Homestays in Dayak villages
With the Dayak’s history of headhunting and animism, few places on earth are as wrapped in such rugged mysticism. Indeed very little has changed in the last century: swidden (slash and burn) farming and ancient customs are still observed, and the shaman still holds sway in most villages, despite the presence of mobile phones and satellite TV.
Upon arrival at a village, you or your guide will need to ask the Kepala Kampung (village headman) for permission to stay the night, and a cash donation should also be made to him on your departure.
A homestay will most likely include a tour of the longhouse, where as many as thirty families used to live together under the same roof. Nowadays, villagers often have their own, separate houses, but the longhouse is still the nucleus of the village, where ceremonies and celebrations take place and prayers are made at the spirit altar.
If you are lucky, you may be able to see the village pembeliatn (shaman) at work. His job is to identify the bad spirits that are attaching themselves to the juus (soul) of a person, and by placing himself in a trance he is able to purify the afflicted soul. Also sought in times of marital distress and for blessings, the shaman is the link between the tangible and the mysterious forces lurking in the forest.
If you stay the night, it is likely you will be offered accommodation in the stilted longhouse, sleeping on a thin mattress and eating whatever food is offered to you.
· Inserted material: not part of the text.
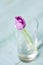One Tulip color ultra violet in a glass of water, place for your text, mock up, mother\'s day card.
Children and adults often ask to see photos of your family back home, so make sure you have your camera with you. But if you want to take pictures, ask permission first.
Trekking and rafting
Treks can last anywhere from a few hours to three days, depending on your fitness level and how deep you want to penetrate the interior. One trek worth taking is to a series of pretty waterfalls past Harati village. They can be found by following the Amandit River upstream from Loksado for about eight kilometres. The climb becomes progressively harder as you reach the higher cascades, and it is recommended that you use a guide.
Do not miss the beautifully carved longhouse at the village of Malaris, a few miles away across the river from Loksado, once home to 32 families. Provided no ceremonies are taking place, it may be possible to stay here if your guide speaks to the headman.
A trip to the Meratus, especially when the river runs high, would not be complete without rafting on the Amandit River. The usual end-point is the village of Muara Tanuhi, about two hours downstream from Loksado; long enough to give you a taste of the rapids and a burst of adrenaline while passing through the atmospheric karst country and wild forest.